Figure 4.37: Graphical query execution plan showing a hash join
Again, we observe two inputs, but we can see that these are table scans. The parent operator for the table scans is the Hash Match physical operator. If the mouse pointer is placed over this operator, the resulting display explains how it processes the join. This is shown in Figure 4.38.
Figure 4.38: Graphical query execution plan showing the hash join
It states: Use each row from the top input to build a hash table, and each row from the bottom input to probe into the hash table, outputting all matching rows. This is the hash join we described earlier in this chapter. The Set statistics IO output is shown in the following code. Notice that each table has a scan count of just one.
Table 'accounts'. Scan count 1, logical reads 1570, physical reads 0, read-ahead reads 0.
Table 'customers'. Scan count 1, logical reads 840, physical reads 0, read-ahead reads 0.
Now both tables are accessed via a table scan. Does this mean that the indexes are redundant? At first sight you might think the answer would be yes—but you would be wrong! The reason is this: The query optimizer needs to know how many customers satisfy the query. It uses this information to work out the table to use for the build input and the table to use for the probe input and then, ultimately, the cost. Without these indexes it would need column statistics. We have none, and we have not allowed the query optimizer to create them automatically.
Therefore, with no indexes, there are no statistics and the query optimizer might choose an inefficient plan.
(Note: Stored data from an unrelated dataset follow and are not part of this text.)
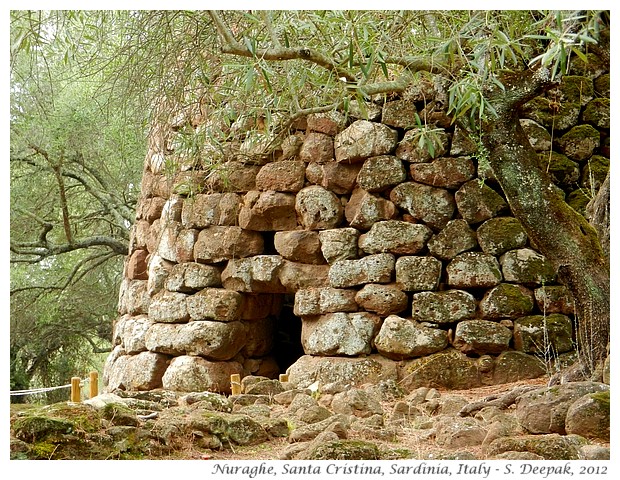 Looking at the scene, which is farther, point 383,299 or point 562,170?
point 562,170

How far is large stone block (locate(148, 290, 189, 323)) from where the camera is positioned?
797cm

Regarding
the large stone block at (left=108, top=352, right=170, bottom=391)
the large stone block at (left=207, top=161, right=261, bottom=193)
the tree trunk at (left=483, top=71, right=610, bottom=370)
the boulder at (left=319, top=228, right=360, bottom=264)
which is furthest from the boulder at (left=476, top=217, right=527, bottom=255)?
the large stone block at (left=108, top=352, right=170, bottom=391)

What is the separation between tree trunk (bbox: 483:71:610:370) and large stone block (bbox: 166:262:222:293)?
3343 millimetres

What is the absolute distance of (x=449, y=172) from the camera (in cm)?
726

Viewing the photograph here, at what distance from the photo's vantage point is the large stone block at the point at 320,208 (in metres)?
7.57

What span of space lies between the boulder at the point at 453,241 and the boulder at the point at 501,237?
0.10 metres

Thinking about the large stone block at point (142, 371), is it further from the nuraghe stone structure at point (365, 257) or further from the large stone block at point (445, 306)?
the large stone block at point (445, 306)

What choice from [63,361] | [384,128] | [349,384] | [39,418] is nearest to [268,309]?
[349,384]

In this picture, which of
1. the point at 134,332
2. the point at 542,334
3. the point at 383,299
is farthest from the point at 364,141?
the point at 134,332

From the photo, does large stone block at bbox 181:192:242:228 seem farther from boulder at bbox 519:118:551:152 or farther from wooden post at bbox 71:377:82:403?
boulder at bbox 519:118:551:152

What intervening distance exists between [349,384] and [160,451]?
2677 millimetres

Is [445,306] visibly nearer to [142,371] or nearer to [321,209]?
[321,209]

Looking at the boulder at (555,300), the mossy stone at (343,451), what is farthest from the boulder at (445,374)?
the mossy stone at (343,451)

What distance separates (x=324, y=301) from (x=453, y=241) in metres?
1.33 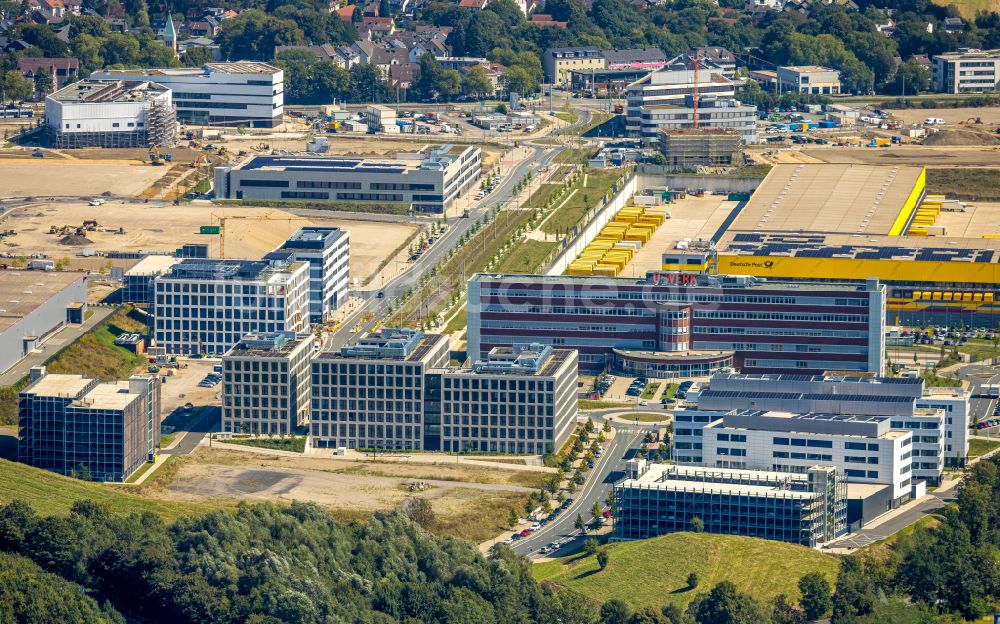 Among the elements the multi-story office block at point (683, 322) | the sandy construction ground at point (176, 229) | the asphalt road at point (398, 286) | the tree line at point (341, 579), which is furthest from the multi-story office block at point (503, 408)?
the sandy construction ground at point (176, 229)

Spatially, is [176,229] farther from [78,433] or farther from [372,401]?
[78,433]

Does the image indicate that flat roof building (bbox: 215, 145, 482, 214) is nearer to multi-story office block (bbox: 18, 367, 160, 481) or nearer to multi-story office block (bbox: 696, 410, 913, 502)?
multi-story office block (bbox: 18, 367, 160, 481)

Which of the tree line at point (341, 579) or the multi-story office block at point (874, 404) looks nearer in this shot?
the tree line at point (341, 579)

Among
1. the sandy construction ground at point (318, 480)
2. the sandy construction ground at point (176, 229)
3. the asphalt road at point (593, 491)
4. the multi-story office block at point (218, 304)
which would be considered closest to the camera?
the asphalt road at point (593, 491)

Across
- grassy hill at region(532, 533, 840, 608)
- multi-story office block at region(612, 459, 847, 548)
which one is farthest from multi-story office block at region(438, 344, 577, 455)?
grassy hill at region(532, 533, 840, 608)

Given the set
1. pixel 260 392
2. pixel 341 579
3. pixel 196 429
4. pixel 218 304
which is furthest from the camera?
pixel 218 304

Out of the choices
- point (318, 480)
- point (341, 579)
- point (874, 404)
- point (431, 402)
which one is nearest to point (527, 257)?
point (431, 402)

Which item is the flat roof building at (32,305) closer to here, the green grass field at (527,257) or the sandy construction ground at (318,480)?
the sandy construction ground at (318,480) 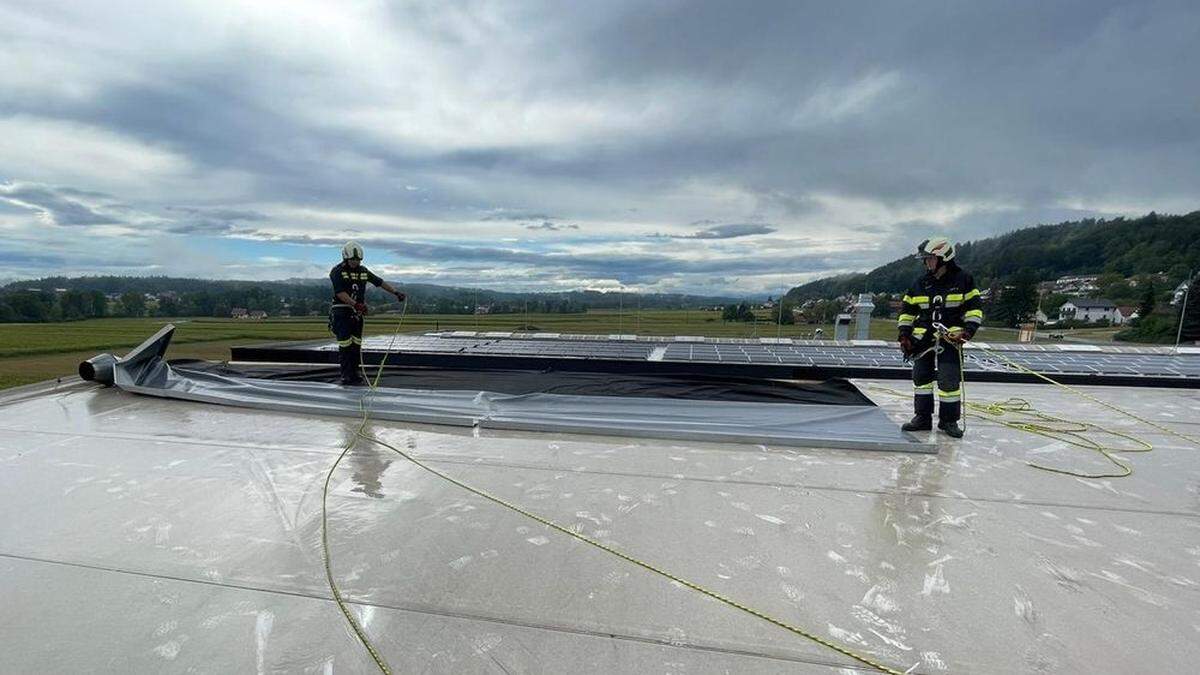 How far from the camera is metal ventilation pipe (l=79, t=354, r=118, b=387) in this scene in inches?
205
When is the query optimizer likely to choose a merge join? Let us change the query so there is a requirement for the output to be sorted on the customer_no column, as follows:
SELECT * FROM customers C INNER JOIN accounts A ON C.customer_no = A.customer_no
WHERE C.customer_no BETWEEN 1000 AND 1999 ORDER BY c.customer_no
Let us also ensure that a clustered index on customer_no is created on each table. We have now created two inputs that are effectively sorted on customer_no. If we execute the query, the resulting query plan would be as shown in Figure 4.39. The query optimizer has still decided that a hash join is the most efficient method.
Figure 4.39: Graphical query execution plan showing the hash join
If we force a merge join strategy (we will see how later) we can compare the costs, as shown in the following chart.
•
Join Type Estimated Cost Logical IO CPU (ms)
Hash 1.54 2,408 120
Merge (M:M) 1.61 7,409 631
The hash join is a clear winner, so the query optimizer created the most efficient plan. But why was the merge join more expensive? After all, the sorts are effectively already done. The clue is in the Set statistics IO output, which is as follows:
Table 'Worktable'. Scan count 1999, logical reads 5000, physical reads 0, read-ahead reads 0.
Table 'accounts'. Scan count 1, logical reads 225, physical reads 0, read-ahead reads 0.
Table 'customers'. Scan count 1, logical reads 62, physical reads 0, read-ahead reads 0.
A worktable has been used that increased the cost. Why? Because the clustered index we created on the Customers table was not unique. The query optimizer used a many-to-many merge join and hence a worktable was used. Note that when the mouse pointer is passed over the Merge Join operator, the pop-up window will contain argument text, which will specify that the merge join was many-to-many. What happens if we recreate the clustered index as a unique clustered index? The query plan is shown in Figure 4.40.
Figure 4.40: Graphical query execution plan showing merge join
A merge join has been used. The costs Merge (1:M) are shown in the following chart, compared with the previous costs.
•
Join Type Estimated Cost Logical IO CPU (ms)
Hash 1.54 2,408 120
Merge (M:M) 1.61 7,409 631 Merge (1:M) 1.20 287 60
We can see that by being careful with our index creation we have enjoyed a not
inconsiderable cost reduction. Hopefully, most of you will use primary key constraints and so, in the case above, the index would have been created as a unique index automatically.